Selection of Foldit Designs for Further Testing

Started by Susume

Susume Lv 1

This is a follow-up question to the March Science Chat. In the chat, bkoep outlined how a foldit solution is selected for further testing in Rosetta and the wet lab:

'There are two different pathways for a Foldit design to reach the wet lab. The first is that it is high-scoring. The cream of the crop is automatically submitted to Rosetta@home, mainly as a way to benchmark our progress from week to week. We don't even really inspect these designs. The second pathway involves manual inspection. Here we're looking for designs that look like promising folders to us. We start with the shared solutions. Then we move on to the bulk solutions, which are clustered (to remove identical or near-identical solutions), and ranked by score.

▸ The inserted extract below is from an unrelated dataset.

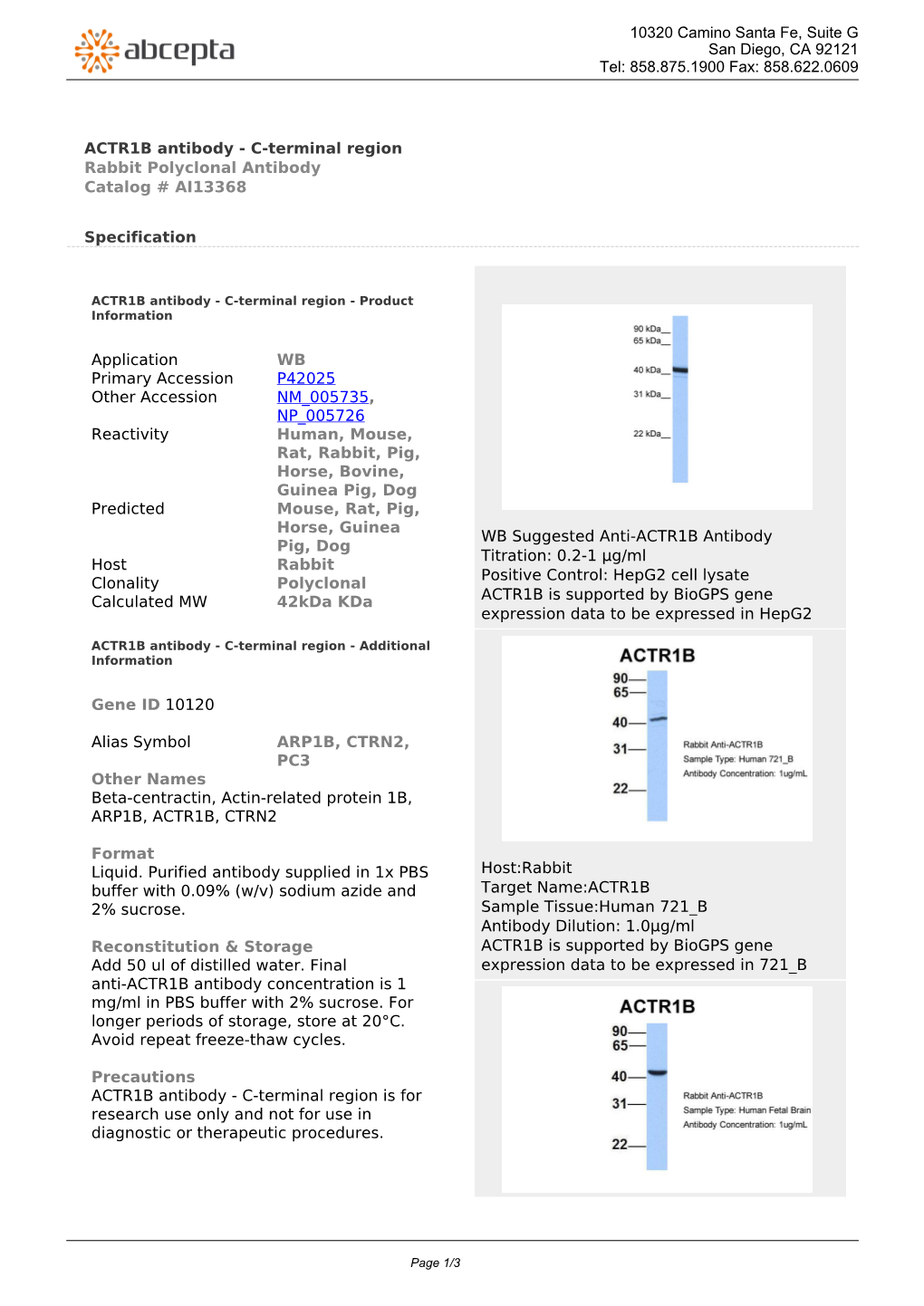 ACTR1B Antibody - C-Terminal Region Rabbit Polyclonal Antibody Catalog # AI13368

We go down the list of clustered solutions (which naturally includes the top-ranking solutions) and inspect anything that looks "plausible"—usually around 100 models.' –bkoep

My question is, do you base the manual selection on objective measures (such as loop quality, realistic sidechain positions, etc.), or on expert judgement by the scientists, or some of both?

Also, can you give us a ballpark estimate for how many of the ~100 manually inspected models you typically send to Rosetta? Do you feel you are testing enough lower-scoring designs to form a good estimate of foldit's false negative rate (how often the score function misses a good design)?

Susume Lv 1

Someone pointed out that I seem to be saying the scientists are not objective - I don't mean that at all! Just curious how much of the selection process has been "mathematized" vs. expert insights that have not yet been turned into measurable quantities.

Bruno Kestemont Lv 1

I can have a visually perfect "3 sheets 2 helices" design that scores much lower than the top solution.
After the score, I can imagine that a good equilibrium in subscores and an almost perfect filter bonus are relevant criteria.
Good H-Bonds between sheets and sidechains (H-Bond networks), some orange inside and a good blue outside might be visual criteria as well (I suppose).

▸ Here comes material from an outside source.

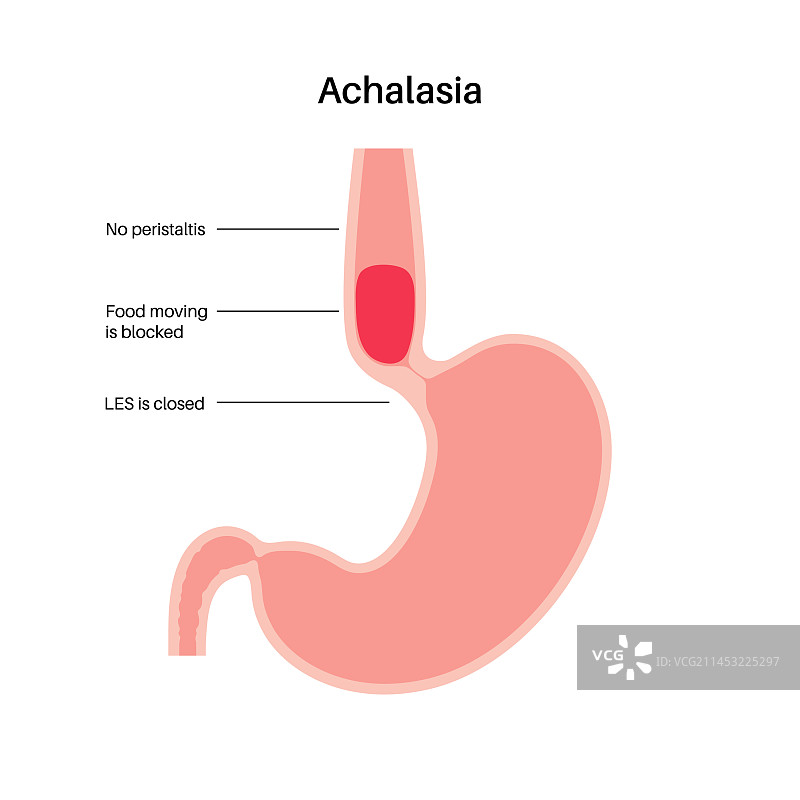 食管贲门失弛缓症图片素材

I wonder which kind of view the scientists use in order to visual select promising designs.

bkoep Staff Lv 1

The manual inspection is qualitative and definitely somewhat subjective, although I think we make an effort to focus on explicit criteria. In the past, we have had to keep an eye out for GLY in secondary structure, long disordered loops, and egregious backbone geometry. At this point, the current array of filters and score function amendments keeps most of these in check.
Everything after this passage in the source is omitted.